Friday 1 April 2011

GINGER CHEST HAIR

The world’s gone topsy turvy all of a sudden. This week I have moved into a shed, faced my ultimate fear and seen my former stalker rise up into the Soulmates ‘popular’ charts. What on earth is going on?

The shed has absolutely nothing to do with dating (and given it’s at the bottom of someone’s garden and has no curtains I really think it should stay that way) but I just thought I’d mention it. The former stalker I can only put down to a major glitch in the Soulmates website revamp, and the facing of the ultimate fear came about as a result of this . . .

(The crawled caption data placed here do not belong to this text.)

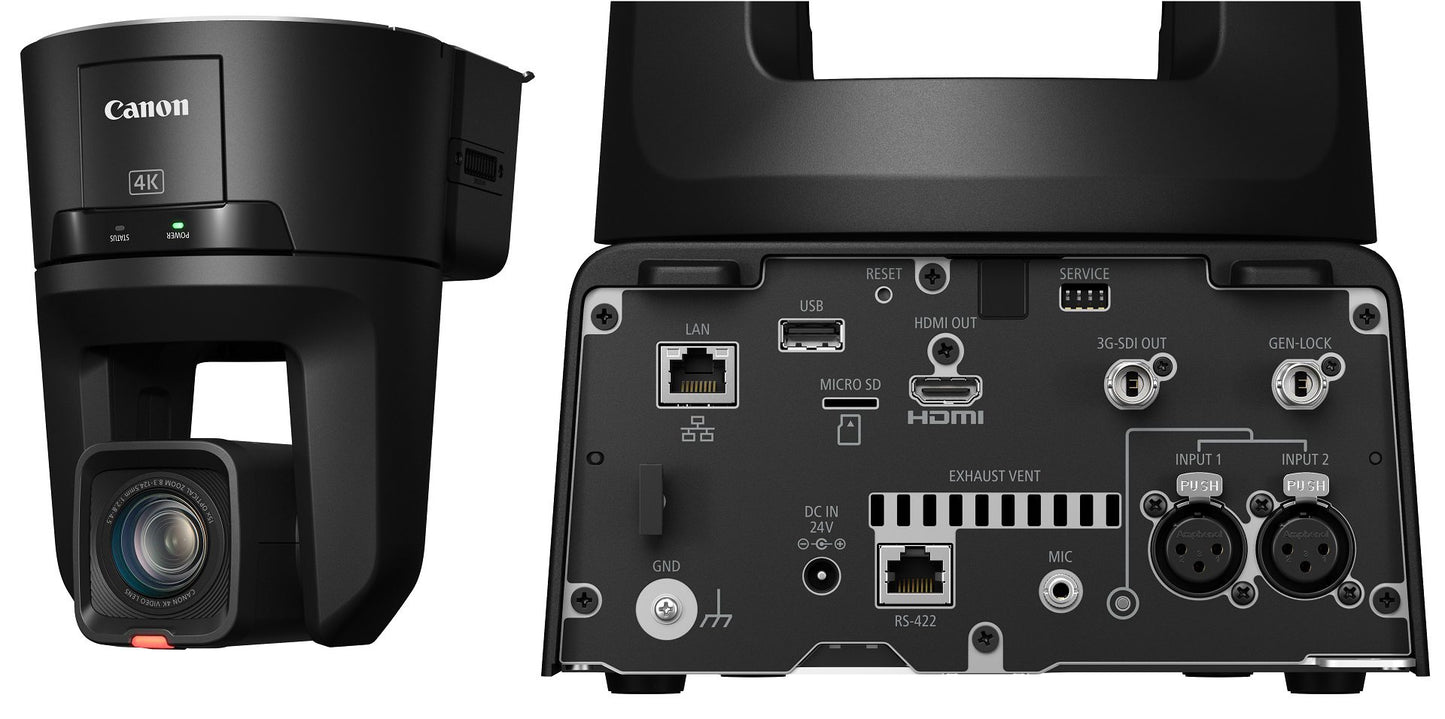 Canon CR-N500 PTZ Camera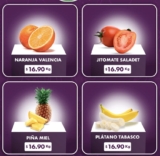 Miércoles de Plaza 17 de diciembre en la Comer y Fresko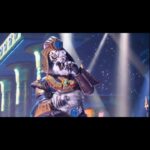 Rob Gronkowski Instagram - It’s NFL night on the @maskedsingerfox tonight!! Throwback to the White Tiger days!! …. it was more like sweat sweat baby in that costume 🤣 Oh man what great memories🐯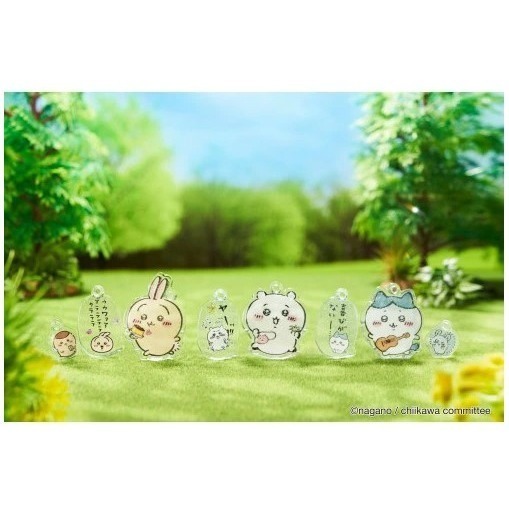 日本 -  超人氣 吉伊卡哇 DIY 水晶凝膠吊飾-細節圖8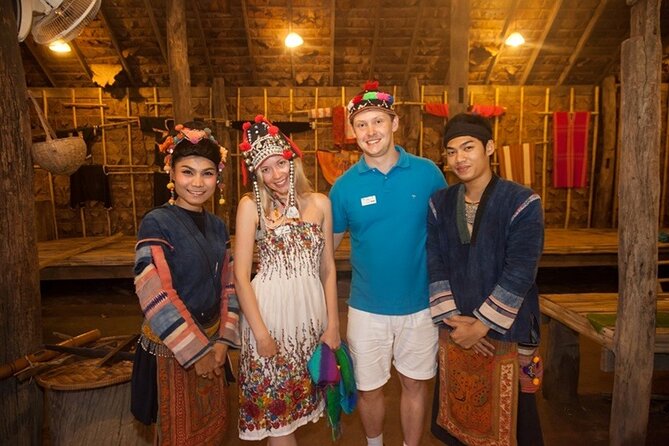 Siam Niramit Phuket Show and Dinner With Transfer - Event Schedule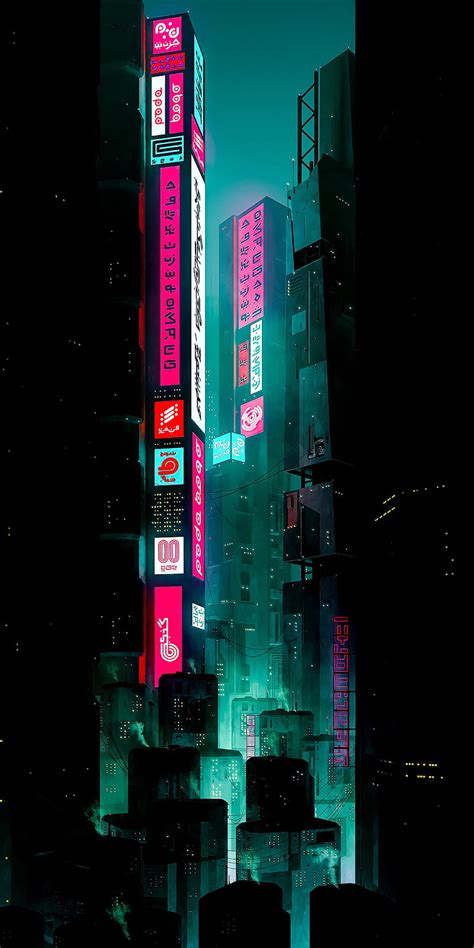 Cyberpunk Style Evolution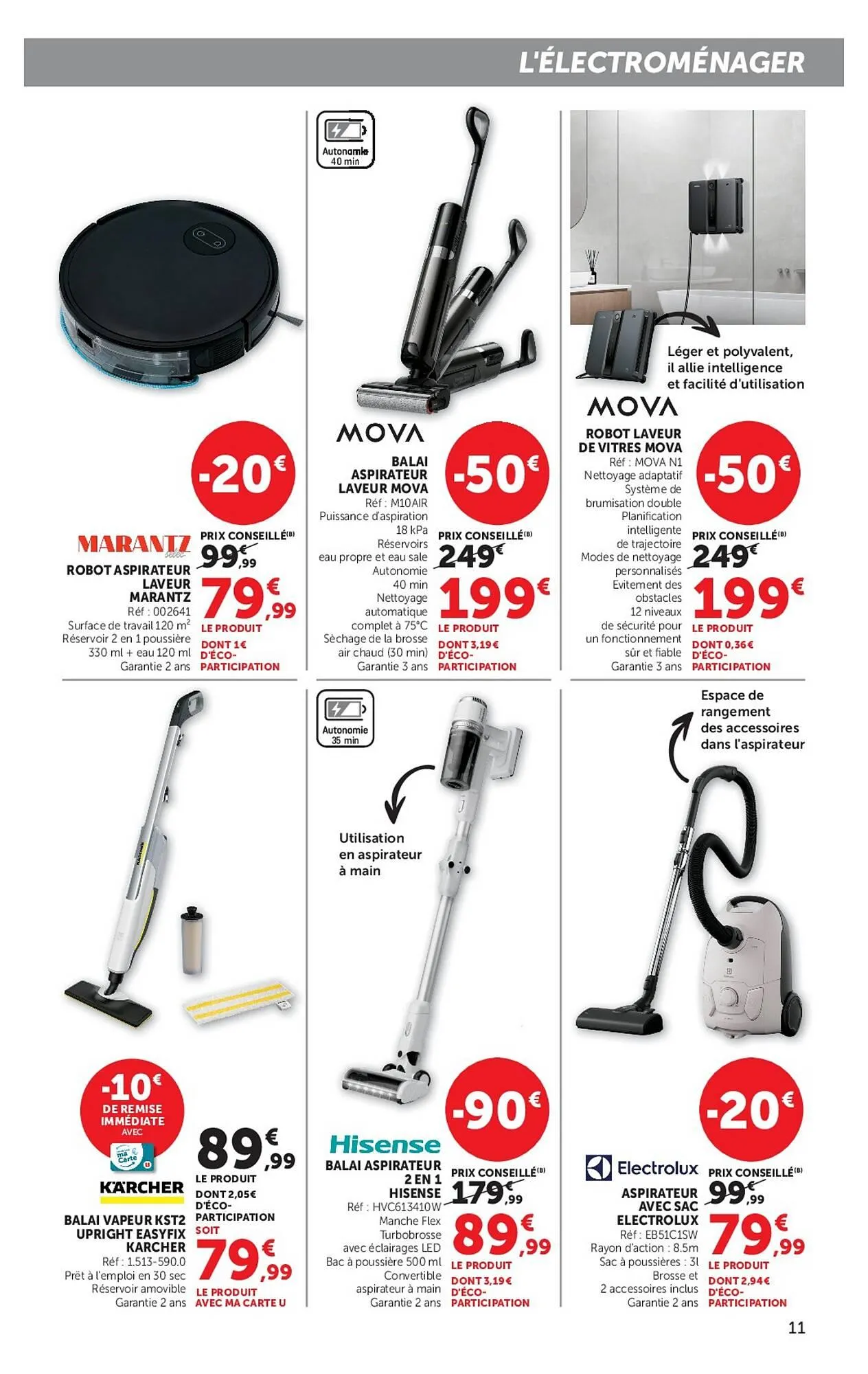 Catalogue Super U du 12 mai au 24 mai 2026 - Catalogue page 11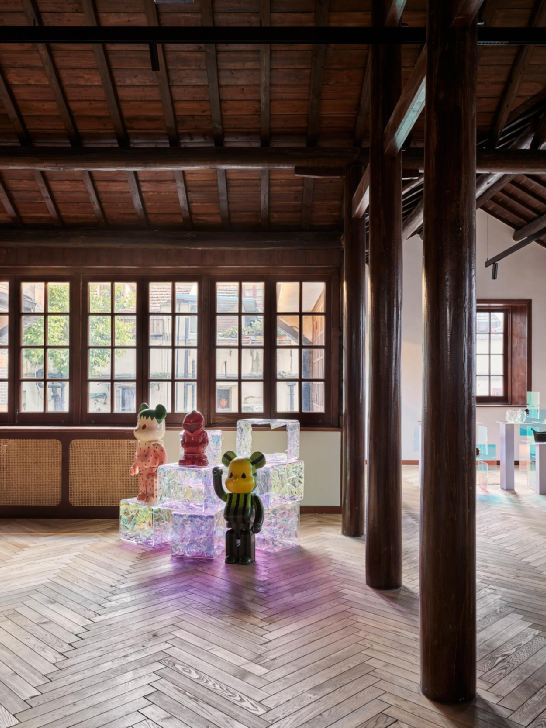 上海百年洋房的新生 · AttilaCo 总部空间设计丨中国上海丨法纳兴设计公司-40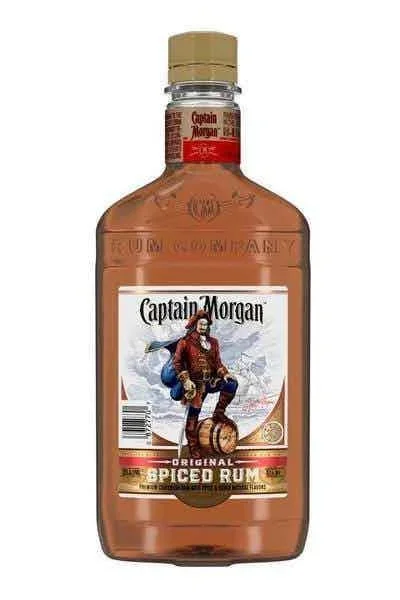 375ml Rum Captain Morgan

Last Saturday. 2nd date with a man I’d met the weekend before with a stomping hangover and only 3 hours sleep. My judgement was a little impaired. I was due to meet him at a pub but instead he was waiting for me at the bus stop. And he was wearing jeans and a blazer with a white scoop neck t-shirt underneath exposing a vast swathe of ginger chest hair. Lunch (thai curry) arrived and he picked up his napkin and tucked it in to the top of said t-shirt. My face must have been a picture because he rapidly untucked it and put it on his lap. So far, so definitely don’t fancy him but he knew I'd come all the way from the other side of London and had to go to a party nearby at 8pm (we met at 2) so I couldn't see how to escape. So, in an attempt to deflect attention from myself somehow I ended up inviting a long-suffering friend to join us. Obviously this was his cue to quietly slip away but then my friend’s boyfriend rocked up to join the party and suggested we all go out for dinner. The next thing you know he’d cancelled his evening plans and we were off on some kind of crazy double date!

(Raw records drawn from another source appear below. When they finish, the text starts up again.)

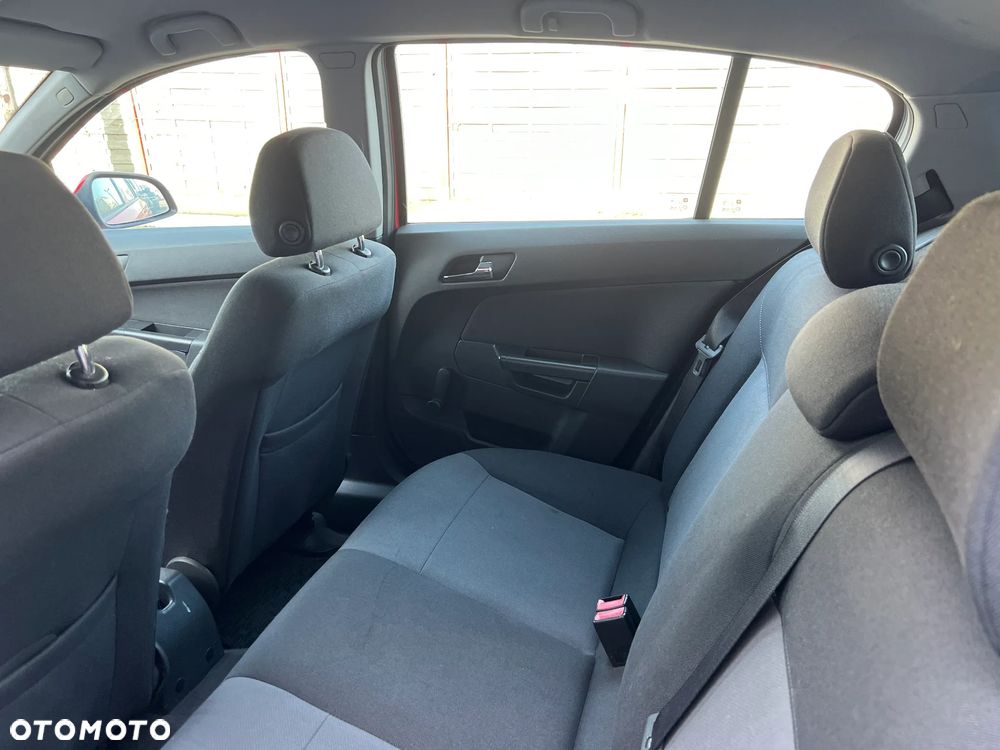 Opel Astra 1.6 - 7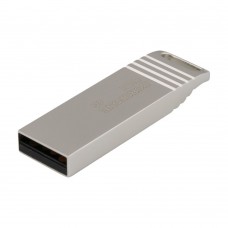 USB Flash Drive Borofone BUD1 USB 2.0 4GB цвет стальной
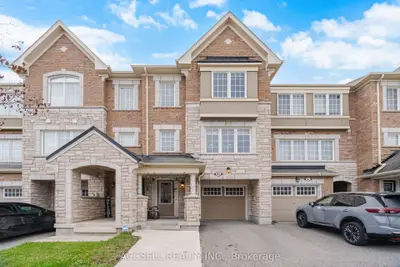 80 Bannister Crescent, Brampton, On L7a 4h2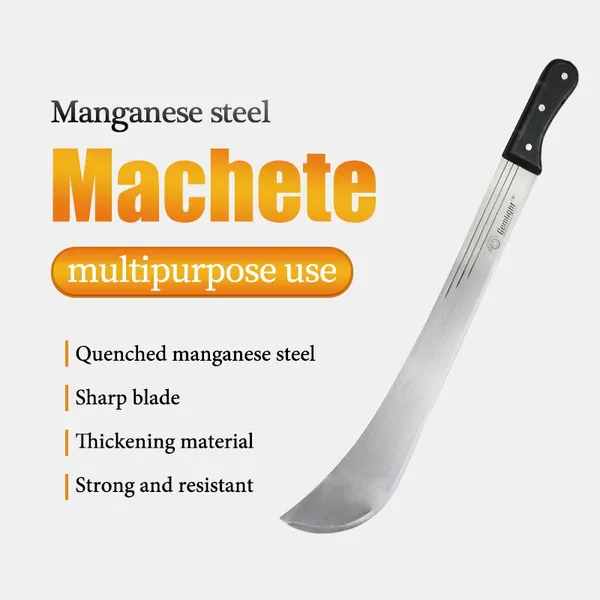 Sharp Edge Harvesting Machete for Latin America Importers Wholesale Export Supply for Field Work and Agricultural Use Durable Hand Tool photo-3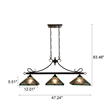 Chloe Lighting Innes 47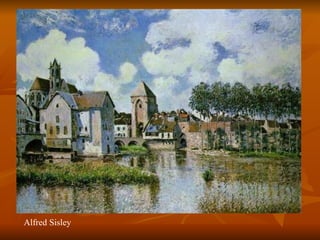 Alfred Sisley 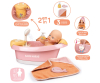 Smoby Baby Nurse Balneo Bath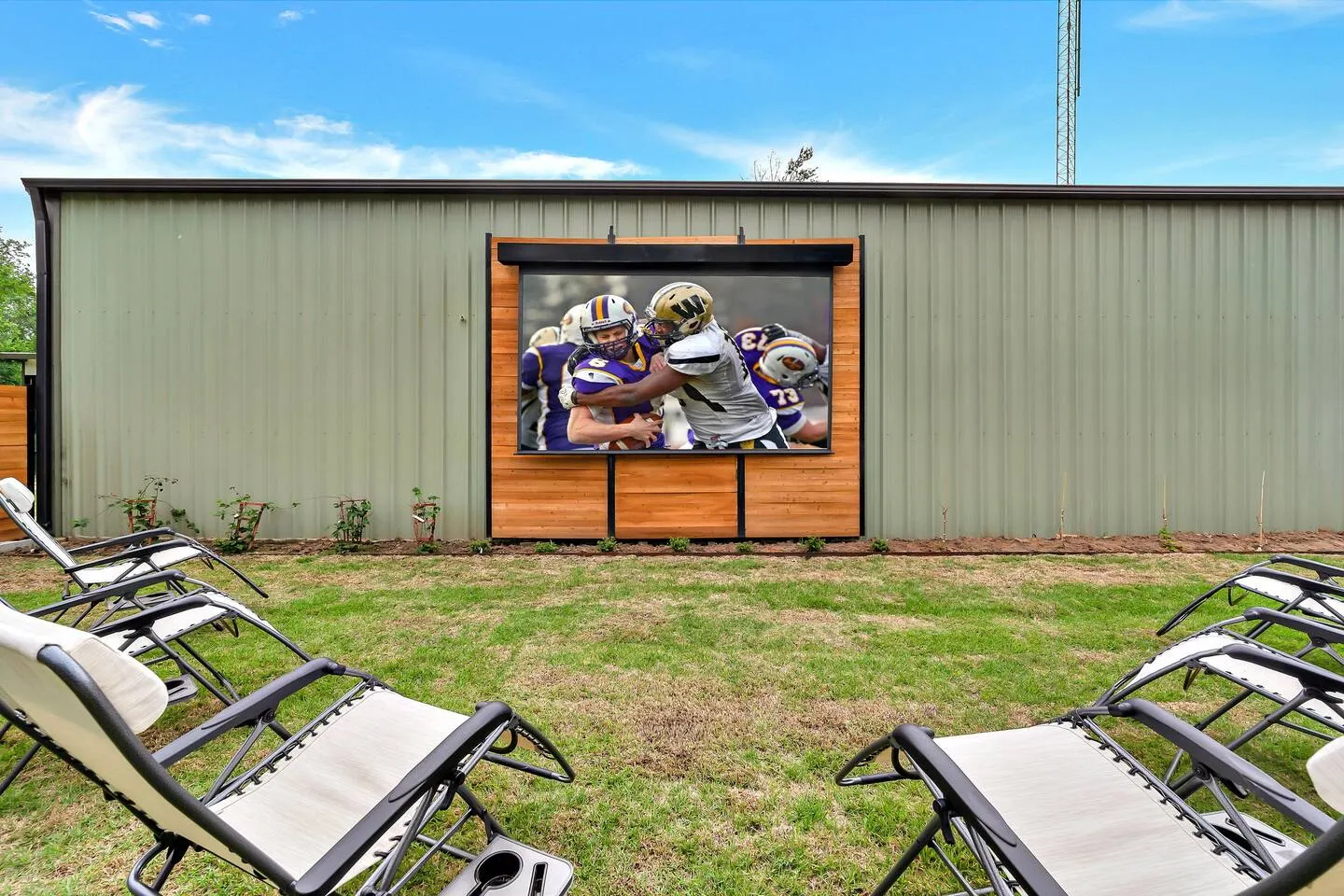 Lonetree Ranch Outdoor Oasis, Hot Tub, BU/Magnolia — photo 3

Now, bear in mind that this marathon date lasted for 8 whole hours. 8 hours made bearable by lakes of highly alcoholic Weston’s cider. There was, therefore, and I’m ashamed to say it but none of you will be surprised to hear, an inevitable amount of passion kissing. So, in summary, 8 hours, met my friends, lots of snogging. I had totally given him the wrong impression.

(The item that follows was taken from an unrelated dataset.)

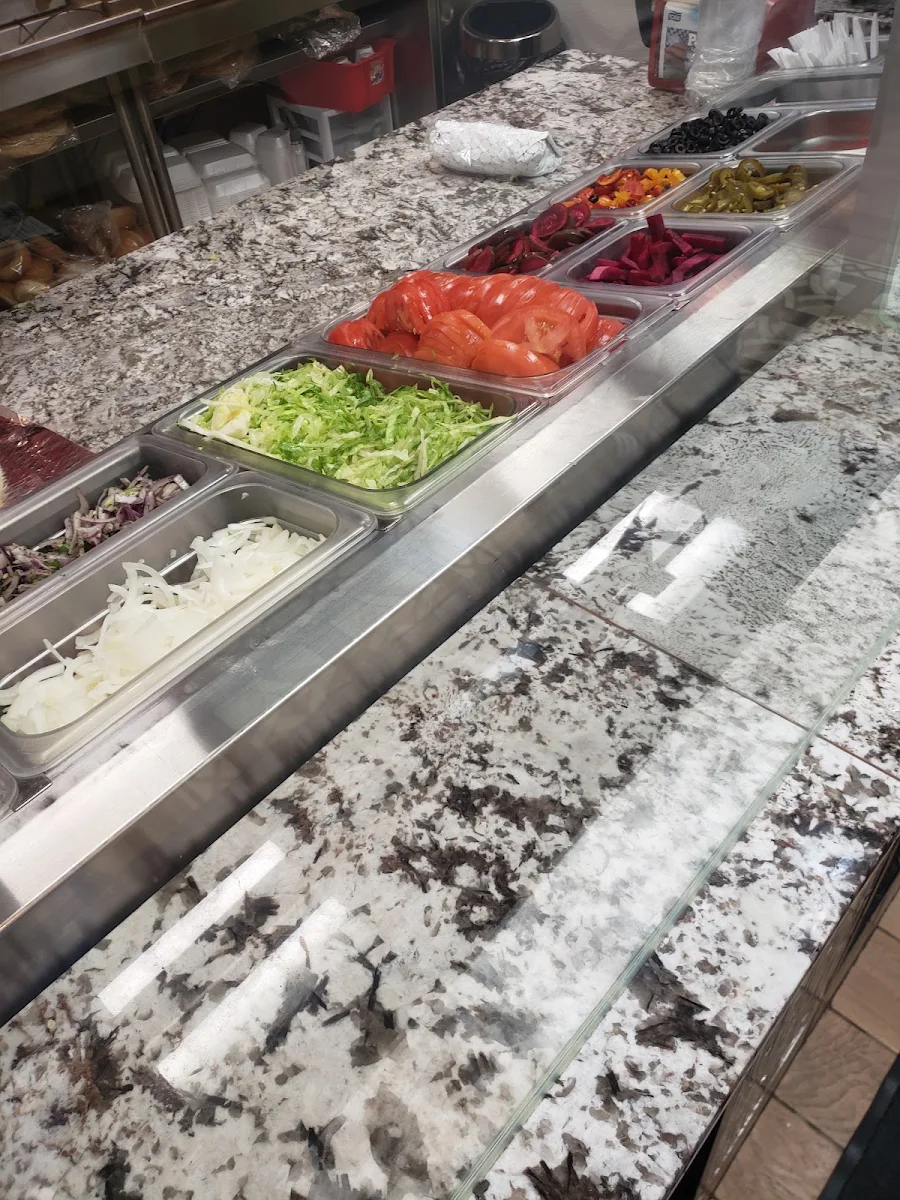 Vibe, Basha Donair & Shawarma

He texted me the next day. I brushed it off.

He texted again.

And again the following day saying, and I quote: "What's your surname; I want to facebook stalk you?"

And so unless I was to let my cowardice dictate my choice of future husband my fear of fears had to be faced. It was my mission, and I had to accept it, to write down in cold, hard words: I do not fancy you.

The result? He took it exceptionally well. Why have I been being such a baby about this? So that’s it – my days as a procrastinator par excellence are behind me, and anyway I spent hours crafting that text so it would be a shame not to use it again.